> RECORDS FOR THE EXERCISE
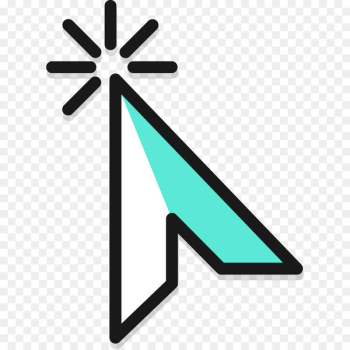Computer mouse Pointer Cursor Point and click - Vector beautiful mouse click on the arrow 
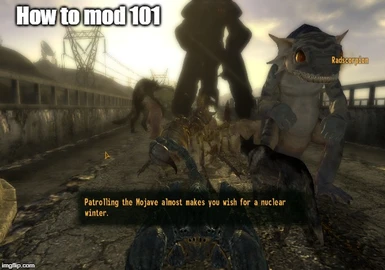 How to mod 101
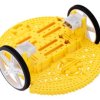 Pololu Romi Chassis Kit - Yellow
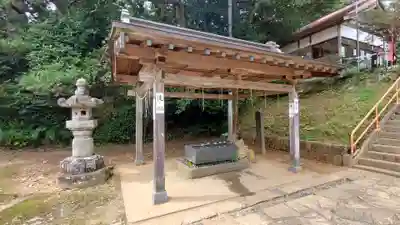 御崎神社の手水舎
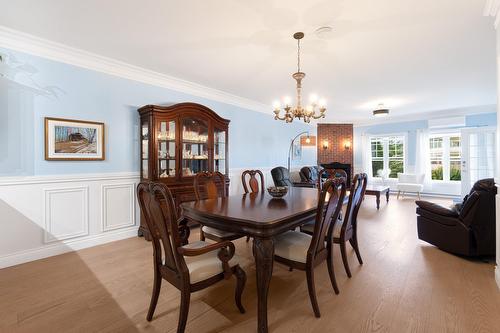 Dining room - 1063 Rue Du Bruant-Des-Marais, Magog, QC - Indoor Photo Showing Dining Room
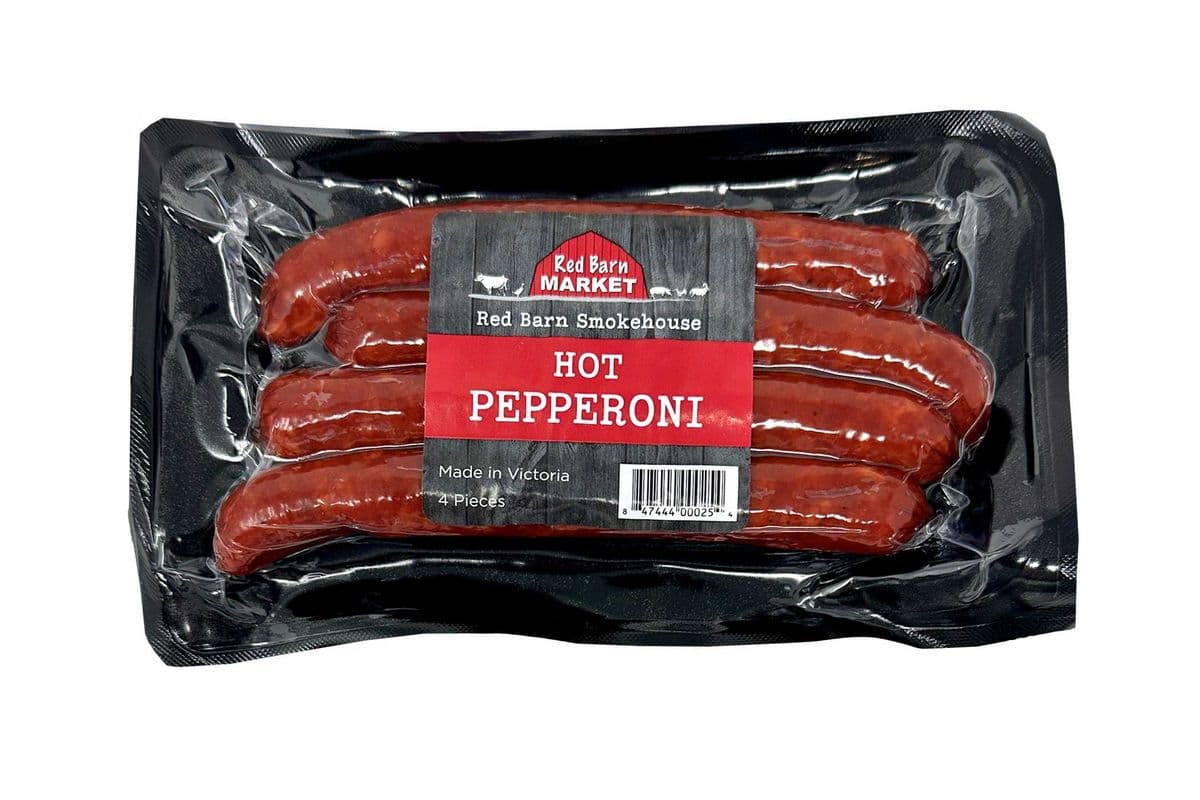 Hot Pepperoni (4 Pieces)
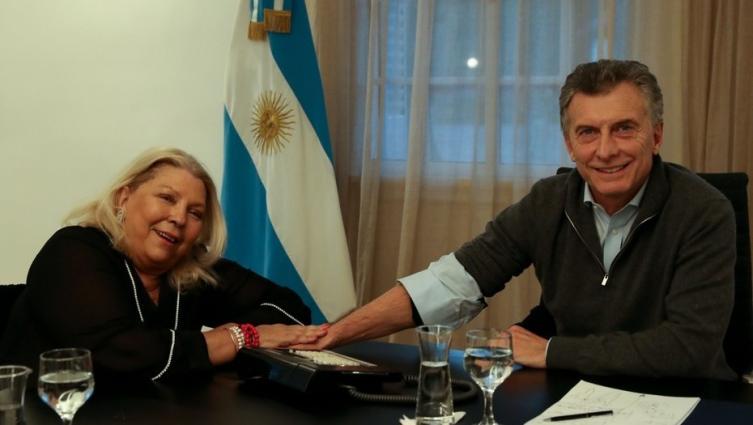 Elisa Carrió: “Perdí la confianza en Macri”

> ACTIVITY
Make an exact printout of the listing above, omitting the images.

> FINISHED EXERCISE
Computer mouse Pointer Cursor Point and click - Vector beautiful mouse click on the arrow 
 How to mod 101
 Pololu Romi Chassis Kit - Yellow
 御崎神社の手水舎
 Dining room - 1063 Rue Du Bruant-Des-Marais, Magog, QC - Indoor Photo Showing Dining Room
 Hot Pepperoni (4 Pieces)
 Elisa Carrió: “Perdí la confianza en Macri”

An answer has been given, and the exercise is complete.